> _What you should do_:
Where the records below reach the line containing "Budget Foto rustikale", start transcribing, and end with the line containing "Color swatches of", exactly and with nothing else added.

(Short descriptive text snippets)
-- Opening Marker --

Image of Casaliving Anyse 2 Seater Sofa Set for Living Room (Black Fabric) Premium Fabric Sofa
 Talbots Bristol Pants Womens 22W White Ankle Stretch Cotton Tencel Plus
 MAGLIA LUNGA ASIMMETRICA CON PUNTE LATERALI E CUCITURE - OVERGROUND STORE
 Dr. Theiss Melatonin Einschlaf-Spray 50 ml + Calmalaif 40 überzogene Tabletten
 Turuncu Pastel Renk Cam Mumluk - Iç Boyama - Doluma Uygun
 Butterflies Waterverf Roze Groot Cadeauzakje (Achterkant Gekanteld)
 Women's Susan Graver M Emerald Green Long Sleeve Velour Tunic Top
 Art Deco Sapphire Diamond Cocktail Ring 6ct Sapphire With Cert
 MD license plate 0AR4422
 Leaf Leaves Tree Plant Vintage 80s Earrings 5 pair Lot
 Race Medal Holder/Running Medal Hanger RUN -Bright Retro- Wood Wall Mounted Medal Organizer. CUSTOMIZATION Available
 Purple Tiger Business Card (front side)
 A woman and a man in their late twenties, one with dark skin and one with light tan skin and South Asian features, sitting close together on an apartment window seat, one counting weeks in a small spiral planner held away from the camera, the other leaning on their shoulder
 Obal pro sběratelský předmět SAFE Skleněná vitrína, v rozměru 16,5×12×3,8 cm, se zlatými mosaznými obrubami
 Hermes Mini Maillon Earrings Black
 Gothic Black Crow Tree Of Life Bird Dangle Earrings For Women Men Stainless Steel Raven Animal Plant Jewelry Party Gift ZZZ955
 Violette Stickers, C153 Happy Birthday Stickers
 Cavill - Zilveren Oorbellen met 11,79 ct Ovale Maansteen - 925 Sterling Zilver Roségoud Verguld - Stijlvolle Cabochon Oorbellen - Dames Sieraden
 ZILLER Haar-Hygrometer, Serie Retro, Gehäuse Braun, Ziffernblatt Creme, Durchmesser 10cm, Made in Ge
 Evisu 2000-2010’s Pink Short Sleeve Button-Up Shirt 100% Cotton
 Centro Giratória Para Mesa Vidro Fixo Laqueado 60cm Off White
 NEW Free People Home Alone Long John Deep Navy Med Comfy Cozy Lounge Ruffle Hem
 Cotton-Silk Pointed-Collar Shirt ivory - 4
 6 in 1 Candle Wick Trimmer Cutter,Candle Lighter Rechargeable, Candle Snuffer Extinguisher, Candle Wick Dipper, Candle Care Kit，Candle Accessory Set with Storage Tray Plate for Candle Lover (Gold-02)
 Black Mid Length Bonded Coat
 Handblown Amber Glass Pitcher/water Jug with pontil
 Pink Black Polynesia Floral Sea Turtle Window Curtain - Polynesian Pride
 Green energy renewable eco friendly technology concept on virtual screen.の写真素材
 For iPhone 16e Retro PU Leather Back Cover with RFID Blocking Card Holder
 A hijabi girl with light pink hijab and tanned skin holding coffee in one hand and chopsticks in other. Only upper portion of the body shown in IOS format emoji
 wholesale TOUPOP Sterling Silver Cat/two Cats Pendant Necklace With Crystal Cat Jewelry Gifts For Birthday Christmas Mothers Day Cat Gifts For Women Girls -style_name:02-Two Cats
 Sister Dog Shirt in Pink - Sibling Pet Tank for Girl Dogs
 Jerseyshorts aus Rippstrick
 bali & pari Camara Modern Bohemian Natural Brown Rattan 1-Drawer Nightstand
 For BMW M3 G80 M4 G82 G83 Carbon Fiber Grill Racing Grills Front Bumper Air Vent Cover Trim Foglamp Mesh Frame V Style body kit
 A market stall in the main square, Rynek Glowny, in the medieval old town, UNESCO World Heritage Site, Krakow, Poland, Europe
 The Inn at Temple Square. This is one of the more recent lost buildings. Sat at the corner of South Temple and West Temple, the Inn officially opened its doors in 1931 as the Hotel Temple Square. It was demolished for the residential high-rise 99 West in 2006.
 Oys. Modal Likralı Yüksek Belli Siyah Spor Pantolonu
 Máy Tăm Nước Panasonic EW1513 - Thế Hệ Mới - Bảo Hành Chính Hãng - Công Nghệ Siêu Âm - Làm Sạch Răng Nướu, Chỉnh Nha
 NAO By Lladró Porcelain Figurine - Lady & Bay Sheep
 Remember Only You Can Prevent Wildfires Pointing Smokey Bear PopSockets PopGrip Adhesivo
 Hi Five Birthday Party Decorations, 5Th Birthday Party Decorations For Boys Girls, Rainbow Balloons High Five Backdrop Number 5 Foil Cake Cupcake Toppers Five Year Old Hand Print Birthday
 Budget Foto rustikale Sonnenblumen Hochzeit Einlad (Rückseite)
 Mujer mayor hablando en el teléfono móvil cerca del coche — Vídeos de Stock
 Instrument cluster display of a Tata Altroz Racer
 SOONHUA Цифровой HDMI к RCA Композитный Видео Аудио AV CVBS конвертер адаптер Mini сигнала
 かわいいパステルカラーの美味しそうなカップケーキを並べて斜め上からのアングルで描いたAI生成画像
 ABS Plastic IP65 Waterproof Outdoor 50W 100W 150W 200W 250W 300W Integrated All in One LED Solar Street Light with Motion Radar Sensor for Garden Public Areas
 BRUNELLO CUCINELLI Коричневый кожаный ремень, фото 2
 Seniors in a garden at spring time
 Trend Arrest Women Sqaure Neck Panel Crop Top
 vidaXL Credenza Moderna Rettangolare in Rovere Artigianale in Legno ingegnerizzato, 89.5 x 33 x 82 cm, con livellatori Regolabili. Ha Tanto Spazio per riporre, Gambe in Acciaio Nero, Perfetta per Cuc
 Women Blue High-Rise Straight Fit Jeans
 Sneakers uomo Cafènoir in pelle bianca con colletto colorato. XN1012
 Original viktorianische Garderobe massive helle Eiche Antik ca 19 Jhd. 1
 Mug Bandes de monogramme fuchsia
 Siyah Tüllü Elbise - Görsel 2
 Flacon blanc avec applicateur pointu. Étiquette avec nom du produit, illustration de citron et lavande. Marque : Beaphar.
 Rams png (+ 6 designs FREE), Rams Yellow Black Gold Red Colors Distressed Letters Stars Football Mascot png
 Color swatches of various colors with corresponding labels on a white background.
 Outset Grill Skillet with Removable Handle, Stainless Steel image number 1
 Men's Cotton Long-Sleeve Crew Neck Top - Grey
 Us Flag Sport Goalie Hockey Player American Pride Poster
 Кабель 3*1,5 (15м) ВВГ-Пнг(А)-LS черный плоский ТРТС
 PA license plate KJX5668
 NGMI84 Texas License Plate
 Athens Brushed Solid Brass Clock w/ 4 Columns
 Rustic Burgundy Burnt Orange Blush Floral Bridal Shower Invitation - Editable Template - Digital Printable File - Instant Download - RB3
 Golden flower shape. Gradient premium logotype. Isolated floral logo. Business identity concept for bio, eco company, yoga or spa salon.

-- Closing Marker --

> _Problem solution_:
 Budget Foto rustikale Sonnenblumen Hochzeit Einlad (Rückseite)
 Mujer mayor hablando en el teléfono móvil cerca del coche — Vídeos de Stock
 Instrument cluster display of a Tata Altroz Racer
 SOONHUA Цифровой HDMI к RCA Композитный Видео Аудио AV CVBS конвертер адаптер Mini сигнала
 かわいいパステルカラーの美味しそうなカップケーキを並べて斜め上からのアングルで描いたAI生成画像
 ABS Plastic IP65 Waterproof Outdoor 50W 100W 150W 200W 250W 300W Integrated All in One LED Solar Street Light with Motion Radar Sensor for Garden Public Areas
 BRUNELLO CUCINELLI Коричневый кожаный ремень, фото 2
 Seniors in a garden at spring time
 Trend Arrest Women Sqaure Neck Panel Crop Top
 vidaXL Credenza Moderna Rettangolare in Rovere Artigianale in Legno ingegnerizzato, 89.5 x 33 x 82 cm, con livellatori Regolabili. Ha Tanto Spazio per riporre, Gambe in Acciaio Nero, Perfetta per Cuc
 Women Blue High-Rise Straight Fit Jeans
 Sneakers uomo Cafènoir in pelle bianca con colletto colorato. XN1012
 Original viktorianische Garderobe massive helle Eiche Antik ca 19 Jhd. 1
 Mug Bandes de monogramme fuchsia
 Siyah Tüllü Elbise - Görsel 2
 Flacon blanc avec applicateur pointu. Étiquette avec nom du produit, illustration de citron et lavande. Marque : Beaphar.
 Rams png (+ 6 designs FREE), Rams Yellow Black Gold Red Colors Distressed Letters Stars Football Mascot png
 Color swatches of various colors with corresponding labels on a white background.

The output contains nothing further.